- Valad Kosh Location within Iran
- Coordinates: 33°48′38″N 47°41′23″E﻿ / ﻿33.81056°N 47.68972°E
- Country: Iran
- Province: Lorestan
- County: Chegeni
- District: Shahivand
- Rural District: Kashkan-e Shomali

Population (2016)
- • Total: 314
- Time zone: UTC+3:30 (IRST)

= Valad Kosh =

Village in Lorestan province, Iran

Valad Kosh (ولدکش) (Note: Also known as Valad Kosht) is a village in Kashkan-e Shomali Rural District (Note: Formerly Kashkan Rural District) of Shahivand District in Chegeni County, (Note: Formerly Dowreh County) Lorestan province, Iran.

==Demographics==
===Population===
At the time of the 2006 National Census, the village's population was 310 in 67 households, when it was in Kashkan Rural District (Note: Renamed Kashkan-e Shomali Rural District) of the former Dowreh-ye Chegeni District in Khorramabad County.
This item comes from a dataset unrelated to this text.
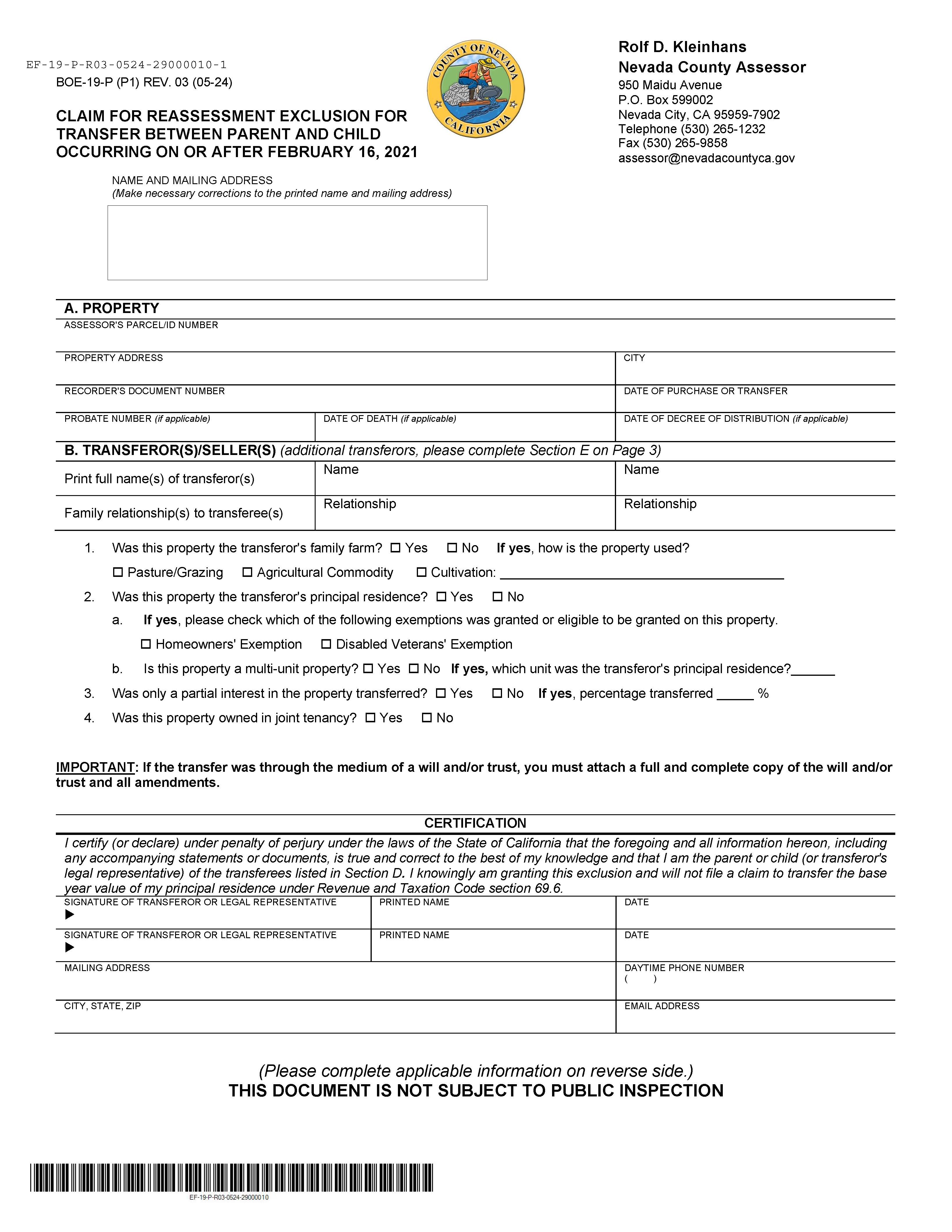 Claim For Reassessment Exclusion For Transfer Between Parent And Child (Nevada County) {BOE-19-P} | Pdf Fpdf Docx | California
The following census in 2011 counted 320 people in 77 households, by which time the district had been separated from the county in the establishment of Dowreh County. (Note: Renamed Chegeni County) The rural district was transferred to the new Shahivand District and renamed Kashkan-e Shomali Rural District. The 2016 census measured the population of the village as 314 people in 74 households.